QEMU Guest Agent Wrapper - Development Notes

This document provides detailed explanations of the implementation, key concepts, and design decisions made during the development of the QGA wrapper.

Overview
Architecture
Core Components
Communication Protocol
Async Command Execution
Error Handling
Extending the Wrapper
Testing & Debugging

Overview

The QEMU Guest Agent (QGA) wrapper is a Python tool that enables host-to-guest communication for QEMU/KVM virtual machines. It abstracts the low-level JSON-RPC protocol used by QGA into a user-friendly Python API and CLI.

Design Goals

Simplicity: Easy to use for common operations
Extensibility: Simple to add support for new QGA commands
Robustness: Proper error handling and timeout management
Completeness: Support for the full range of QGA operations

Architecture

The wrapper follows a layered architecture:

┌─────────────────────────────────────────┐
│         CLI Interface (src/qga)          │
│  User-facing command-line tool          │
└─────────────────┬───────────────────────┘
                  │
┌─────────────────▼───────────────────────┐
│      High-Level API (QGAClient)          │
│  - Convenient methods for operations     │
│  - Async command execution handling      │
│  - Data encoding/decoding                │
└─────────────────┬───────────────────────┘
                  │
┌─────────────────▼───────────────────────┐
│   Low-Level Comm (QGAConnection)         │
│  - Socket management                     │
│  - JSON-RPC protocol handling            │
│  - Basic error checking                  │
└─────────────────┬───────────────────────┘
                  │
┌─────────────────▼───────────────────────┐
│         Unix Socket (/tmp/qga.sock)      │
│         QEMU Guest Agent                 │
└──────────────────────────────────────────┘

Core Components

1. QGAConnection (Low-Level Layer)

Purpose: Handles Unix socket communication and JSON-RPC protocol

Key Responsibilities:

Establishing and managing socket connections
Serializing commands to JSON-RPC format
Deserializing responses from JSON
Basic error detection (connection errors, JSON parsing errors)

Implementation Details:

class QGAConnection:
    def __init__(self, socket_path: str, timeout: int = 30):
        self.socket_path = socket_path
        self.timeout = timeout
        self._sock = None

The connection is lazy - it doesn't connect until connect() is called. This allows for flexible usage patterns.

JSON-RPC Protocol:

QGA uses JSON-RPC 1.0 format:

Request:

{"execute": "guest-ping"}

Response:

{"return": {}}

Error Response:

{"error": {"class": "CommandNotFound", "desc": "..."}}

Socket Communication Strategy:

The response reading logic is critical and handles several edge cases:

Complete Response Detection: We read chunks and try to parse as JSON. If successful, we have a complete response.
Partial Response Handling: If JSON parsing fails, we continue reading.
End Detection: We look for newlines or closing braces as hints that more data might not be coming.
Graceful Timeout: A short timeout on the final read attempt ensures we don't wait forever.

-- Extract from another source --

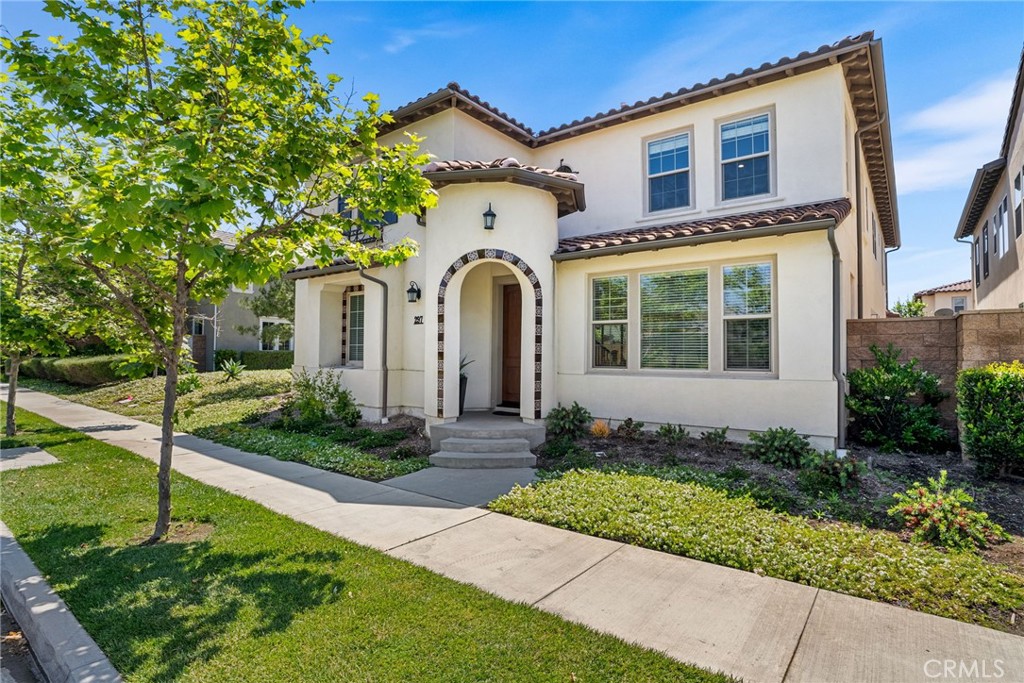 a front view of a house with a garden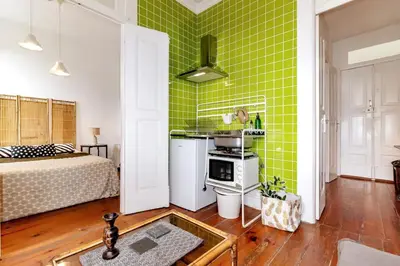 a room with a green wall with a bed and a kitchen at Ai Porto! Family 3 in Porto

# Try to parse as JSON - if successful, we have a complete response
try:
    json.loads(response_data.decode('utf-8'))
    break  # Successfully parsed, we have complete JSON
except (json.JSONDecodeError, UnicodeDecodeError):
    # Not complete yet, continue reading
    continue

2. QGAClient (High-Level Layer)

Purpose: Provides convenient Python methods for QGA operations

Key Responsibilities:

Managing connection lifecycle
Implementing async command execution pattern
Encoding/decoding data (Base64)
Polling for command completion
Error handling and retry logic

Connection Management:

The _ensure_connected() pattern allows methods to be called without explicitly connecting first:

def _ensure_connected(self):
    if not self._connection:
        self.connect()

Context Manager Support:

Both QGAConnection and QGAClient support context managers for automatic resource cleanup:

with QGAClient() as client:
    client.ping()
# Automatically disconnects

3. CLI Interface (src/qga)

Purpose: Command-line interface for end users

Key Features:

Argument parsing with argparse
Multiple output formats (text, JSON)
Proper exit codes
User-friendly error messages

Command Pattern:

Each CLI command has a dedicated handler function:

def cmd_ping(client, args):
    """Test connectivity to guest agent."""
    if client.ping():
        print("✓ Guest agent is responding")
        return 0
    return 1

Communication Protocol

JSON-RPC Format

QGA uses a simplified JSON-RPC protocol. Every request has this format:

{
  "execute": "command-name",
  "arguments": {
    "param1": "value1",
    "param2": "value2"
  }
}

The arguments field is optional and only included when the command requires parameters.

Base64 Encoding

Several QGA commands use Base64 encoding for data:

Password Setting: Passwords must be Base64 encoded
Command Input: Input data for guest-exec is Base64 encoded
Command Output: stdout/stderr from guest-exec is Base64 encoded
File Operations: File content is Base64 encoded

Example:

# Encoding
password_b64 = base64.b64encode(password.encode()).decode()

# Decoding
output = base64.b64decode(status["out-data"]).decode('utf-8')

Async Command Execution

One of the most important patterns in the wrapper is handling asynchronous command execution.

The Challenge

guest-exec doesn't wait for command completion. Instead:

It launches the command
Returns a PID immediately
You must poll guest-exec-status with the PID to get results

The Solution

The run_command() method wraps this async pattern into a synchronous interface:

def run_command(self, command: List[str]) -> Dict[str, Any]:
    # Step 1: Launch command
    pid = self.exec_command(command)
    
    # Step 2: Poll for completion
    retries = 0
    while retries < self.max_poll_retries:
        status = self.get_exec_status(pid)
        
        if status.get("exited", False):
            # Step 3: Decode and return results
            result = {
                "exitcode": status.get("exitcode", -1),
                "stdout": base64.b64decode(status["out-data"]).decode(),
                "stderr": base64.b64decode(status["err-data"]).decode(),
            }
            return result
        
        time.sleep(self.poll_interval)
        retries += 1
    
    raise QGAError("Timeout")

Polling Configuration

The polling behavior is configurable:

poll_interval: Time between checks (default: 0.1s)
max_poll_retries: Maximum attempts (default: 300)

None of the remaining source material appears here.